Elder William Commanda, up until his death, was the keeper of the three figure welcoming wampum belt from the 16th century. This belt inscribes the understanding of Indigenous Peoples about the sharing of their native land and their values with the newcomers: the English and the French.

When people came from other lands first to explore and to trade with Indigenous Peoples and then eventually to settle here, Algonquin Anishinaabe welcomed and befriended them and indeed assisted them to survive in difficult conditions.

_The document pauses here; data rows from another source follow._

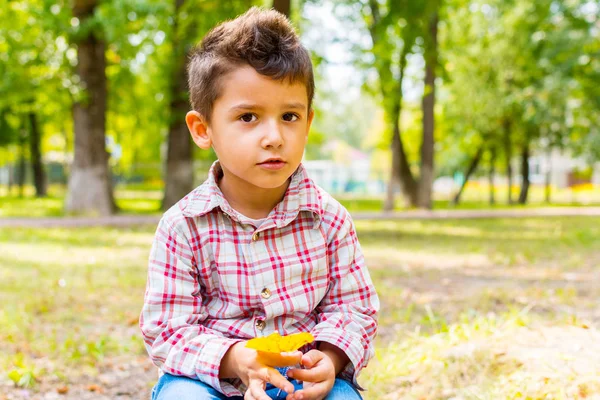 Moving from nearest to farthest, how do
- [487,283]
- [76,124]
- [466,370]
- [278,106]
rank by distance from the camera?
[278,106] < [466,370] < [487,283] < [76,124]

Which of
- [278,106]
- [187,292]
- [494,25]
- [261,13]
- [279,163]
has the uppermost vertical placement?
[494,25]

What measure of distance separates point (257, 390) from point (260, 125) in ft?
2.55

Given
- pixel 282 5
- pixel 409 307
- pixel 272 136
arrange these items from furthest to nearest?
pixel 282 5
pixel 409 307
pixel 272 136

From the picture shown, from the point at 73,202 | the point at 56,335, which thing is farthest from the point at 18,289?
the point at 73,202

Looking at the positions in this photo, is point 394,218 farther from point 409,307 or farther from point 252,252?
point 252,252

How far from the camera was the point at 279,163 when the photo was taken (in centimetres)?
204

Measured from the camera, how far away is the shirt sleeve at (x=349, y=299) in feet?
6.84

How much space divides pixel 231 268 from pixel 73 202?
1307cm

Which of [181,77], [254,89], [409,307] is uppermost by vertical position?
[181,77]

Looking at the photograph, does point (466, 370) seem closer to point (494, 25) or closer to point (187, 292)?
point (187, 292)

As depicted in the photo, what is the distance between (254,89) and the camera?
78.3 inches

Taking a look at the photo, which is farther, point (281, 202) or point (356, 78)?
point (356, 78)

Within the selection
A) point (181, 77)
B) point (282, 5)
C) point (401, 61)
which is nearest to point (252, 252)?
point (282, 5)

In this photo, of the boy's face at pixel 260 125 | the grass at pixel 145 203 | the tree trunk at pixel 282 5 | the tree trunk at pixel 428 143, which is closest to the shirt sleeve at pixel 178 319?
the boy's face at pixel 260 125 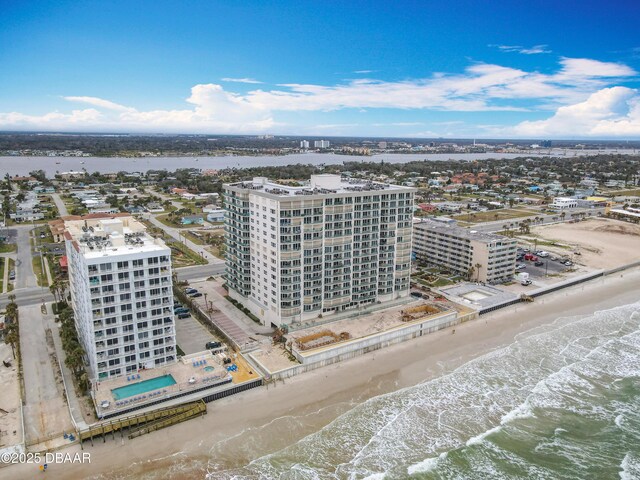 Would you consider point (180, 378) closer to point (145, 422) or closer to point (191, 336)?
point (145, 422)

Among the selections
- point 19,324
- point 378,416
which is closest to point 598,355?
point 378,416

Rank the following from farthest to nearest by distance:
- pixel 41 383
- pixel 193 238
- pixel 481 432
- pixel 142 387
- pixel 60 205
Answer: pixel 60 205 < pixel 193 238 < pixel 41 383 < pixel 142 387 < pixel 481 432

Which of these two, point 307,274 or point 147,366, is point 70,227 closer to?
point 147,366

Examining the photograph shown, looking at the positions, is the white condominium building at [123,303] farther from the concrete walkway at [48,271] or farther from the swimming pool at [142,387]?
the concrete walkway at [48,271]

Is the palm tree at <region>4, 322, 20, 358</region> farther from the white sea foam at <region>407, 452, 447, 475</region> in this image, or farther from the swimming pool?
the white sea foam at <region>407, 452, 447, 475</region>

 The Royal Proclamation of 1763  and the Treaty of Niagara in 1764 between First Nations and the Crown required agreement on both parts for any of the land to be sold to settlers.  However, settlers gradually took over the land, pushing Algonquin people aside with no regard for their cultural, material or spiritual needs or for the land and water that sustained them.  Algonquins were forced to move up river and in land to find hunting grounds in order to survive.  When the government established the Pikwakanagan reserve in 1873, many refused to leave the homes that they had established. Further, the Indian Act including the residential school system was created with the intention to assimilate Indigenous people into western society.

Today there are nine other Algonquin First Nations Communities that are not reserves that include both status and non-status Indigenous people: Shabot Obaadjiwan, Snimikobi (Ardoch), Bonnechere, Mattawa/North Bay, Greater Golden Lake, Antoine,Bancroft, Whitney and Ottawa.

History of the relationship between Settlers and Algonquins of Ontario: Watch this space for future content.

https://www.aafna.ca/ Snimikobi (Ardoch)
https://bafn.ca/ (Bonnechere)
https://kijichomanito.com/ Bancroft

Currently non-status Algonquin people of Ontario are tracing their lineage to establish Indigenous heritage and are also working with the federal government on a Land Claim Agreement. There is now a proposal on the table but some Algonquin people are not yet satisfied with the terms.

In our area –that is, Lanark County – there are no reserves. In the south-western corner are the Shabot Obaadjiwan First Nation and the Ardoch First Nation Communities; to the north of us in Renfrew County, is the Pikwakanagan reserve. About 500 people with Indigenous heritage live in Mississippi Mills.

Here in Mississippi Mills, there is evidence that Indigenous people traveled the Mississippi from the interior of Lanark county to the Ottawa River.